But Wes Anderson is not the next anybody. He's the first Wes Anderson, and the only one. Moreover, he has already earned the privilege to make a failure, to waste 90 to 120 minutes of my time. But I know he won't. He's too courteous to his audience, and too economical. He trusts his voice and so do I.

And besides, if his first two movies remind me of anything, it's that failure builds character. Now that's an American tune I can whistle.

I've been reading about The Royal Tenenbaums but trying not to read too much. I found a review by A.O. Scott in the New York Times, which ended like this: ''The Royal Tenenbaums finally elicits an exasperated admiration. Yes, yes, you're charming, you're brilliant. Now say good night and go to bed." Well, jeez, A. O. I'd hate to have you for a parent. I mean, if someone said that to me, I'd respond, with some flourish, of course: Fine. I'll go to bed, then. You and your sodden, elbow-patched friends can stay up and recede further into your single-malt-soaked solipsism, or complain about The Culture, or do your little outdated Edward Albee thing or whatever it is that you do, and I, your under-nurtured child, will retire to my room, to further my plans, to crack the spines of great novels—perhaps even to read them (with minimal understanding, granted, but not without curiosity. Maybe I'll even try some illustrations). I'll just gather my dioramas and paraffin lamps and modeling clay, my scissors and nibs, and get out of your way. There's too much stuff to carry; I'll have to make two trips, but I'll be quick about it. I was just trying to create something here, to entertain, to—but enough! Goodnight to you. Good riddance, adieu.
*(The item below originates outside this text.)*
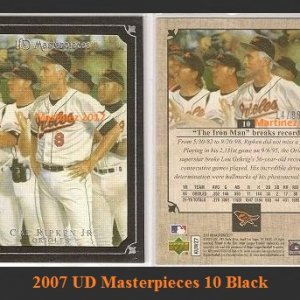 2007 UD Masterpieces 10Black.jpg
See, if those brave Anderson-Wilson heroes deserve anything, it's a safe place to work on their projects. They deserve the richly textured worlds that the director has created for them. Worlds in which resources are finite, but possibilities aren't; in which everyone must go it alone, but still find someone to rely on; in which relationships endure bleak winters, but always seem to blossom again; in which passions isolate people, but loyalty unifies them, and reconciliation works, usually because someone has the courage to ask, "Wanna shake hands?" These people deserve to have their adventures, and to have them scored by Mark Mothersbaugh's glancing, fairy-tale music or the counterpoint of catchy, high-energy British Invasion songs. And they deserve to know that it's worth it to simply keep trying. We deserve that too, and I'll bet anything that The Royal Tenenbaums will provide it. It should make a fine gift this holiday season.